На другой день я имела глупость проспать лекцию Шляпкина о Пушкине. Утром, когда мы вместе с В. поехали в Лицей за статуей поэта – ее уже выносили; оставалось повернуть обратно и ехать шагом за повозкой. Было очень холодно, мы отчаянно мерзли.
Накануне я писала письмо к инспектору, где просила отпустить брата по «важному семейному делу», чтобы он мог присутствовать на вечере; Шурка пришел после своих занятий, и я ушла на курсы. В сущности, мне нечего было делать там так рано, надо было только выгладить ситцевое платье «Марьи Ивановны». О, что это было за платье! Я никогда в жизни не видала такого ситца! Желтенькое с цветочками, хотя сшито было мило, и с косыночкой, но кринолина я не имела мужества надеть, – до того он был грязен… брр!.. Я взяла другую шелковую «бальную» юбку – тоже грязна, и меня покоробило, но все же не так грязна, как этот ужасный кринолин. В «уборной», вернее в физическом кабинете, была давка: среди приборов на столах стояли принадлежности туалета, а на кафедре в VI аудитории причесывались и гримировались. Явилась и жена профессора Ж., которая должна была петь письма Татьяны к Онегину в современном костюме и великолепной прическе. Наши, разумеется, пришли в восторг.
Первый начал читать Булич «О значении Пушкина для русской музыки». Мы потихоньку выбрались на сцену и из-за занавеса слушали. Для меня лично речь не представляла никакого интереса, так как все, что в ней говорилось, было уже давно известно, да и что мог он сказать нового? Произведения Пушкина послужили сюжетом для русской музыки – Руслан и Людмила, Пиковая дама, Евгений Онегин и т. п. – это могло быть интересно лишь для большинства слушательниц, вовсе не знакомых с историей музыки. После речи началось чтение стихотворений и пение. Стоя за кулисами, слушать было очень неудобно, приходилось оставаться в уборной, а наш профессор был все время там, бегал, распоряжался, и удивительно – не сердился, между тем – такая суматоха, такое непослушание, как наше, хоть кого могут рассердить. Но общее настроение было удивительно симпатично: вопреки нервничанью настоящих актеров пред выходом на сцену – у нас все было как нельзя более мирно. Мы помогали друг другу одеваться и очень старались, чтобы у всех все было хорошо; гример был не первоклассный, но те из играющих, которые успели загримироваться, – охотно предлагали свои услуги товарищам.
Уже в 1-м часу ночи начался апофеоз. Шляпкин как-то удивительно быстро расставил всех, спросил № для чтения стихов и еще раз проверил их… «Руслан» был превосходен, равно как и «Дон-Жуан», до полной иллюзии; Екатерина и Петр были выбраны очень удачно, начиная с физического сходства; мой «Гринев» также был очень мил.
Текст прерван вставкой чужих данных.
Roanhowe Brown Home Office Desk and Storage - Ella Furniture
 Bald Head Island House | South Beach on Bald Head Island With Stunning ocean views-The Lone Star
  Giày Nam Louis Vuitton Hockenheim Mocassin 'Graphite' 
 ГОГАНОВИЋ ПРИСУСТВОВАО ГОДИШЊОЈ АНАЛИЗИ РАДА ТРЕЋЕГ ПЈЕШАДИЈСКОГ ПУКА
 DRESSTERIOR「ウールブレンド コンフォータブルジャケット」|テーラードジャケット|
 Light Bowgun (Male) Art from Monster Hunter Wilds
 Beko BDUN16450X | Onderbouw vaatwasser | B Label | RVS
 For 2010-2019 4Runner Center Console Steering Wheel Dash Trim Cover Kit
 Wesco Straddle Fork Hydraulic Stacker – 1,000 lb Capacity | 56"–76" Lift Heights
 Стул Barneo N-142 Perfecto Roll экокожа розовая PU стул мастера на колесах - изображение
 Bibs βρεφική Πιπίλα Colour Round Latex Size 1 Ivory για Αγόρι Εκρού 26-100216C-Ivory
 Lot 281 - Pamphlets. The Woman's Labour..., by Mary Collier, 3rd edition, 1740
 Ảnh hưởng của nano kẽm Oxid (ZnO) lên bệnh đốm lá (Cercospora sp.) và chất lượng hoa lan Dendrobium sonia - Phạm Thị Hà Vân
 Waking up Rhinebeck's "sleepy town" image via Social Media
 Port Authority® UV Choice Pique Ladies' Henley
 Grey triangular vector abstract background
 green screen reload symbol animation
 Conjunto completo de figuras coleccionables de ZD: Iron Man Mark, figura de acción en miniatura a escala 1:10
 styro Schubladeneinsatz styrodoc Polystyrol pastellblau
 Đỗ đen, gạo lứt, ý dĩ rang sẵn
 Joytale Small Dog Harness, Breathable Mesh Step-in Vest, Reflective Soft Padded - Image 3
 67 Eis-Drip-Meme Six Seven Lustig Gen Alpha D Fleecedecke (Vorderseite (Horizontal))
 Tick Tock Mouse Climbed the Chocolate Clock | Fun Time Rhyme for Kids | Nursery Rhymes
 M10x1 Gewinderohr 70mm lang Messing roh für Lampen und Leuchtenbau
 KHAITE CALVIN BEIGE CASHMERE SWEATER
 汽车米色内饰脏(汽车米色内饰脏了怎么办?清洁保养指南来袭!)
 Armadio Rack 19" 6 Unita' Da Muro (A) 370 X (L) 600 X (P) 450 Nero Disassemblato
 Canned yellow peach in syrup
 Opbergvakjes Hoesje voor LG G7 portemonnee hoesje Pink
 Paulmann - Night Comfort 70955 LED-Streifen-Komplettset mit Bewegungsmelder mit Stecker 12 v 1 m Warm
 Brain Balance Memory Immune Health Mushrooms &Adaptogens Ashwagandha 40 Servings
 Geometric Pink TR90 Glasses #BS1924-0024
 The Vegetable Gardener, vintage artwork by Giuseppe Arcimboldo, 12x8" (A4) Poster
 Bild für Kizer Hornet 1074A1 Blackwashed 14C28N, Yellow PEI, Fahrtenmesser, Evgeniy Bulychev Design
Он опустился передо мною на колени, я взяла его за руку. Ей было смешно, мне тоже. Но помимо воли – лицо мое – благодаря прическе на пробор и локонам – выражало что-то отвлеченное, какую-то кротость, что для «Марьи Ивановны» и нужно было. Наконец, занавес поднялся, нас осветили бенгальским огнем… Поднялась буря аплодисментов, Шляпкину сделали шумную овацию. Он выходил, кланялся, улыбался и вскоре ушел, страшно усталый, после того, как нас сняли при вспышке магния. После нескольких раз занавес опустили окончательно, и мы начали расходиться. Руслан и Людмила, Гринев и я пошли в костюмах в нижнюю залу, где нас приветствовали шумными восклицаниями, смехом и шутками, угощая чаем, как участвующих, бесплатно… И тут я вновь почувствовала отсутствие близкого человека: глядя на тех, у кого были друзья, которые сидели в тесном кружке, – мне хотелось и самой иметь свой, и самой быть в таком же. В эту минуту я переживала то же, что переживает любой артист, попавший в общество, которое считает себя выше его по положению. Им восхищаются, ему аплодируют и симпатизируют, но он знает, что среди этих людей нет у него близкого человека: так и меня окружали, любуясь общим видом, дружески смеялись, шутили, и я в эту минуту общего дружеского расположения чувствовала симпатию ко всем, но… все-таки я была одна.